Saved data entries
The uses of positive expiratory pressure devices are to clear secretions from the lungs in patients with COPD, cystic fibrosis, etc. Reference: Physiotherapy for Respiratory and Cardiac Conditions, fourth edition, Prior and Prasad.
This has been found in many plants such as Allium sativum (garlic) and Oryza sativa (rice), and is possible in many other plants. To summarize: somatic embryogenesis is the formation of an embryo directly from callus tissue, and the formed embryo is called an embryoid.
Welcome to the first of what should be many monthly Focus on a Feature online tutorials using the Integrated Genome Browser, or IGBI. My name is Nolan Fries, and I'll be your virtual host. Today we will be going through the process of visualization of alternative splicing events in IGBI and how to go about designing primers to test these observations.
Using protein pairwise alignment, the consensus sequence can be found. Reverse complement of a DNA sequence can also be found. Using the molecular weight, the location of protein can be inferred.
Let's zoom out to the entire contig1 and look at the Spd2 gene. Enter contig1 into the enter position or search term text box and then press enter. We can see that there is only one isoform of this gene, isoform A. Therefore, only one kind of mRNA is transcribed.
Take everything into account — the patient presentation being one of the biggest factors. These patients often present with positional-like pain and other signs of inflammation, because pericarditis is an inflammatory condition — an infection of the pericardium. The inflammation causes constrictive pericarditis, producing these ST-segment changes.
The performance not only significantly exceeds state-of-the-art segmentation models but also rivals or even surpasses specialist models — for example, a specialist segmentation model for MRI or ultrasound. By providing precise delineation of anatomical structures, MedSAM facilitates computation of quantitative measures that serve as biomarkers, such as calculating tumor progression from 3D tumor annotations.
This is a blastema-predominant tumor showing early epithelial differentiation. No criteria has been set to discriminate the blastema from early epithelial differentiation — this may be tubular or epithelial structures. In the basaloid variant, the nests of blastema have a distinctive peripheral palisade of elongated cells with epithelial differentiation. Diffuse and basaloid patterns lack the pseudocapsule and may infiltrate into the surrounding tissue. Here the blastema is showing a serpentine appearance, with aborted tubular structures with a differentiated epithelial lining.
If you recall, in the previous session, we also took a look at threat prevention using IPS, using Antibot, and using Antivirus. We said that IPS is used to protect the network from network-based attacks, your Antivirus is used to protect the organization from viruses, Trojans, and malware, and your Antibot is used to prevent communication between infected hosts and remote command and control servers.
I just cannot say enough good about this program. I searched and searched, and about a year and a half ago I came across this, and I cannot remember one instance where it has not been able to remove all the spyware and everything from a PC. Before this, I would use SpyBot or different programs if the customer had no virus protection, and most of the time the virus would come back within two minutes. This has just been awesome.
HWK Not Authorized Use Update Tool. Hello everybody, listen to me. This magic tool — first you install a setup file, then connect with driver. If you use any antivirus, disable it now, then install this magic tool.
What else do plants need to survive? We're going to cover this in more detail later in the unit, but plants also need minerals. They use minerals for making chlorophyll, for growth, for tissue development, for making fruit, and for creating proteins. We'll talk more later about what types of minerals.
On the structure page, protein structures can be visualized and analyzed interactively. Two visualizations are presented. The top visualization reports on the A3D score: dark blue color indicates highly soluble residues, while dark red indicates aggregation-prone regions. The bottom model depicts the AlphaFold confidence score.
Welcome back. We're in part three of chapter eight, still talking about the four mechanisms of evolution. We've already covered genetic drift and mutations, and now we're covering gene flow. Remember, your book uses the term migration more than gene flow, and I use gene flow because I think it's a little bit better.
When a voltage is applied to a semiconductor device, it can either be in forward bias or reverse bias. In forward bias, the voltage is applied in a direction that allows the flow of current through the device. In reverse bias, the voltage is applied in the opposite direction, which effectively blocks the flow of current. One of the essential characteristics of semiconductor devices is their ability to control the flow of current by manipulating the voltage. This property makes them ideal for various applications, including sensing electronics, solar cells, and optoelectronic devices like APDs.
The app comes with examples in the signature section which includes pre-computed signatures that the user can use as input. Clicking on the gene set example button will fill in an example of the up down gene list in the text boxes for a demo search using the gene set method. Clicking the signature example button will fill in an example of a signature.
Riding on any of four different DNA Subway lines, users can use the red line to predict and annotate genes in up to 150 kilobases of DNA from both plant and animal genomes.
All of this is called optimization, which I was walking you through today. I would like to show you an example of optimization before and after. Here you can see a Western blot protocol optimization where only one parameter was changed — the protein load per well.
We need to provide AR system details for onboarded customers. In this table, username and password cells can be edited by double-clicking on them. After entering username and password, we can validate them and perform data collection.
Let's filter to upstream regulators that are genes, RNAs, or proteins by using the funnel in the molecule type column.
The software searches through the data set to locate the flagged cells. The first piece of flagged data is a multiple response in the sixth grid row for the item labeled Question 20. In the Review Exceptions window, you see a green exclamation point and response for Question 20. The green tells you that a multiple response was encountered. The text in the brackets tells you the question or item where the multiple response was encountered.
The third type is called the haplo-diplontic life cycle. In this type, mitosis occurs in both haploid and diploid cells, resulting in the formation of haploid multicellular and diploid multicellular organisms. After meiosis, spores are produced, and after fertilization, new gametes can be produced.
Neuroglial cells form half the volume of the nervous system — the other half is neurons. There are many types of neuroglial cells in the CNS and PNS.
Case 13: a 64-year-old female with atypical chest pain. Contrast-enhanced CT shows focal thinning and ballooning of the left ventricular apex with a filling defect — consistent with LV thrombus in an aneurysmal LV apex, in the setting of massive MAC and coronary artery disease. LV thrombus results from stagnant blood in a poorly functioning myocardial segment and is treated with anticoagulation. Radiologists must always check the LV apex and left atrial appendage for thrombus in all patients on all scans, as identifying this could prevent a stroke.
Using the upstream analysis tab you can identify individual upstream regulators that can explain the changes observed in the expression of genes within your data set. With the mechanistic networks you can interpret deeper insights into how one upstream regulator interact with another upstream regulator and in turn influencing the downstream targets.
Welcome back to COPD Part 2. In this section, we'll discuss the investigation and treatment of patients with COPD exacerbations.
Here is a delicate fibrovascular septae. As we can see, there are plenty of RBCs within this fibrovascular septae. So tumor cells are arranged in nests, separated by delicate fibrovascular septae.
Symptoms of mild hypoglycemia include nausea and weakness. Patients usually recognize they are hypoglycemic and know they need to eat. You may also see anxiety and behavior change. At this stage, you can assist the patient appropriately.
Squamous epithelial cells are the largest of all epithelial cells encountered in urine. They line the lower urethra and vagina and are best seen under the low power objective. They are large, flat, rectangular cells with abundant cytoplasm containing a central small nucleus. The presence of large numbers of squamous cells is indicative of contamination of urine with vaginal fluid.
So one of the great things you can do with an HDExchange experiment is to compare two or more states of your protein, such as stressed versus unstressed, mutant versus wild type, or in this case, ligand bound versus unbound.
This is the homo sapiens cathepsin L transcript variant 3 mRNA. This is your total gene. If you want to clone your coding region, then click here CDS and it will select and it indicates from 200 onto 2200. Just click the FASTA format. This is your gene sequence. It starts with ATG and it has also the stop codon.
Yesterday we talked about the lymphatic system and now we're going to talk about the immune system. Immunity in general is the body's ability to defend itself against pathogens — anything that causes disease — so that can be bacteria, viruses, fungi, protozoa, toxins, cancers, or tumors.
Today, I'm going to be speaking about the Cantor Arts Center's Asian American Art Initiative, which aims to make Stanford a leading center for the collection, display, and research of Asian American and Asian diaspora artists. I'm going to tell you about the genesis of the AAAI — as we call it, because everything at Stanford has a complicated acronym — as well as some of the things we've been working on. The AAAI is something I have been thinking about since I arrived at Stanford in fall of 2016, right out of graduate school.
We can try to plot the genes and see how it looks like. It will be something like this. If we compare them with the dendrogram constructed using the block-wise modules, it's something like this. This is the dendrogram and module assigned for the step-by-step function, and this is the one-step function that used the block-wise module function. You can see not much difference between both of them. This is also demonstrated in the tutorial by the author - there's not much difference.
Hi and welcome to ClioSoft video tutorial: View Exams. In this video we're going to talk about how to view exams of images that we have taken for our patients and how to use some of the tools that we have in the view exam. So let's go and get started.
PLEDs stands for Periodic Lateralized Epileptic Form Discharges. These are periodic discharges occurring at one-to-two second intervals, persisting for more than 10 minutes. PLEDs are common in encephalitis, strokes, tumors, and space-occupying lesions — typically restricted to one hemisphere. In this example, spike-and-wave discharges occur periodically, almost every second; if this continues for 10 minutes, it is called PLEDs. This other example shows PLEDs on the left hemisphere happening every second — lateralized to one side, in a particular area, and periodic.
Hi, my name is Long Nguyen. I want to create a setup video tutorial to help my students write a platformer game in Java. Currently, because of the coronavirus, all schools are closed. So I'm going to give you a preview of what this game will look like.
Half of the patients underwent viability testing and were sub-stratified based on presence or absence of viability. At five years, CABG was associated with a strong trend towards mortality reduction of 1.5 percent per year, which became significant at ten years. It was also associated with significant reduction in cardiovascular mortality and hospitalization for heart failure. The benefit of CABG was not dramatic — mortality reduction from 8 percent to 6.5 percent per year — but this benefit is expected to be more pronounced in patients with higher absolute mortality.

What is expected:
Please give back, exactly as it stands above, the stretch from the line with "Squamous epithelial cells" through the line with "Today, I'm going", and no line outside it.

Exercise solution:
Squamous epithelial cells are the largest of all epithelial cells encountered in urine. They line the lower urethra and vagina and are best seen under the low power objective. They are large, flat, rectangular cells with abundant cytoplasm containing a central small nucleus. The presence of large numbers of squamous cells is indicative of contamination of urine with vaginal fluid.
So one of the great things you can do with an HDExchange experiment is to compare two or more states of your protein, such as stressed versus unstressed, mutant versus wild type, or in this case, ligand bound versus unbound.
This is the homo sapiens cathepsin L transcript variant 3 mRNA. This is your total gene. If you want to clone your coding region, then click here CDS and it will select and it indicates from 200 onto 2200. Just click the FASTA format. This is your gene sequence. It starts with ATG and it has also the stop codon.
Yesterday we talked about the lymphatic system and now we're going to talk about the immune system. Immunity in general is the body's ability to defend itself against pathogens — anything that causes disease — so that can be bacteria, viruses, fungi, protozoa, toxins, cancers, or tumors.
Today, I'm going to be speaking about the Cantor Arts Center's Asian American Art Initiative, which aims to make Stanford a leading center for the collection, display, and research of Asian American and Asian diaspora artists. I'm going to tell you about the genesis of the AAAI — as we call it, because everything at Stanford has a complicated acronym — as well as some of the things we've been working on. The AAAI is something I have been thinking about since I arrived at Stanford in fall of 2016, right out of graduate school.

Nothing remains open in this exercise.